It was one of those eerie moments you sometimes get when I read Hans Kung's "Third difficulty" a couple of weeks ago because it so closely matched something that I'd thought of during Holy week, reading the Passion-Resurrection parts of the Gospels, that none of them actually depicted the actual event, the event held to be the most significant event in human history, the thing which guarantees the rest of the Gospels and, as Christian theology developed, the entirety of salvation history. I agree with what Kung said, that that uniform resistance to the temptation to depict the actual Resurrection across all four Gospels is a significant fact that counts in the favor of the Gospel writers veracity. It was reading this passage after Easter that led me to decide to post this series going through Kung's critical thinking on the subject.
Before starting I will point out that contrary to a lot of perhaps Perry Mason and TV crime show learned assumptions, what is presented as eye-witness reporting constitutes evidence. You can choose to believe or choose to not believe it or find it credible but it does constitute evidence, especially if it has been subjected to critical treatment. More on that after the passage.
Third difficulty. There is no direct evidence of a resurrection. There is no one in the whole New Testament who claims to have been a witness of the resurrection. The resurrection is nowhere described. The only exception is the unauthentic (apocryphal) Gospel of Peter which appeared about A. D. 150 and at the end gives an account of the resurrection in a naive, dramatic fashion with the aid of legendary details; these - like so many apocryphal elements - entered into the Church's Easter texts, Easter celebrations, Easter hymns, Easter sermons, Easter pictures, and were thus mingled in a variety of ways with popular belief about Easter. Even such unique masterpieces of art as Grunewald's unsurpassed depiction of the resurrection in the Isenheim altar can be misleading in this respect.
The reverse side. The very reserve of the New Testament Gospels and letters in regard to the resurrection creates trust. The resurrection is neither depicted nor described. The interest in exaggeration and the craving for documentation, which are characteristic of the Apocrypha, make the latter incredible. The New Testament Easter documents are not meant to be testimonies for the resurrection but testimonies to the raised and risen Jesus.
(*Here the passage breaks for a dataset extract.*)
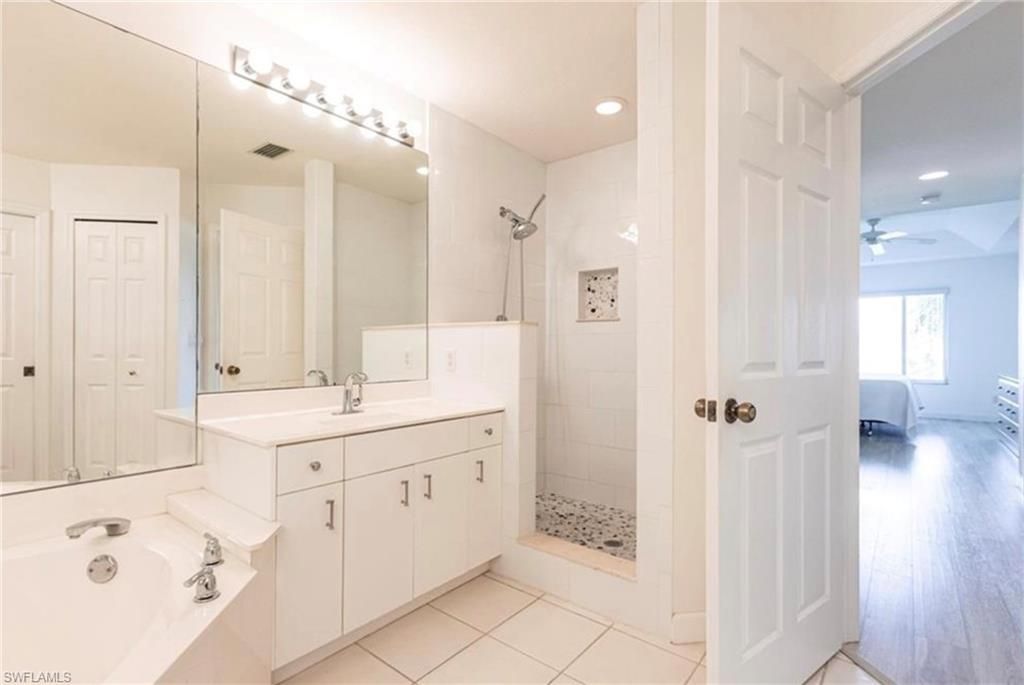 8451 Southbridge Dr, Unit 3, Estero, FL 33967 Photo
Clearly and sensibly, Hans Kung read the testimony of the Gospel of Peter and, subjecting it to critical analysis, he does not choose to believe the evidence presented in it. In fact he uses that false witness to make his argument that the choice of the Gospel writers to NOT do what you would expect someone inventing a fiction to do, to describe the actual central event in their tale to give weight to their accounts. If no one saw what happened in the tomb, as you would expect there to be no one in the sealed tomb, there would be no witnesses to the event, instead they give accounts of encounters with the risen Jesus.
Given what Kung also points out about what the Resurrection is held to be by those witnesses, not the mere restoration of a human being to ordinary human life which would, finally, end in the death of that ordinary though extraordinary human, the Resurrection of Jesus is held to be a different state of existence, physical and more than physical - if my understanding of him is correct - perhaps something like I've heard a number of current Episcopalians assert in regard to their conception of what the final resurrection of the dead will result in.
So all of the snark from would-be people of fashion informed by zombie movies and popular fiction, the kind of used and impoverished imagination apparently as much imagination as such people of fashion are capable of, entirely misses the mark if you take what Paul and the Gospel authors say as the definitive accounts of the risen Jesus.
That view of resurrection and The Resurrection is generally a part of a larger conception of the Creation and the final end of the created universe that seems to be one of the most important ways of understanding the entire New Testament, perhaps including Revelation, the authenticity of which I'm not entirely sold on, to tell you the truth. Though current events, the world going to hell more literally than any other point in human history, makes my skepticism of it lessen. Its credibility rises in ways that the Marxist eschaton becomes less credible with every passing day.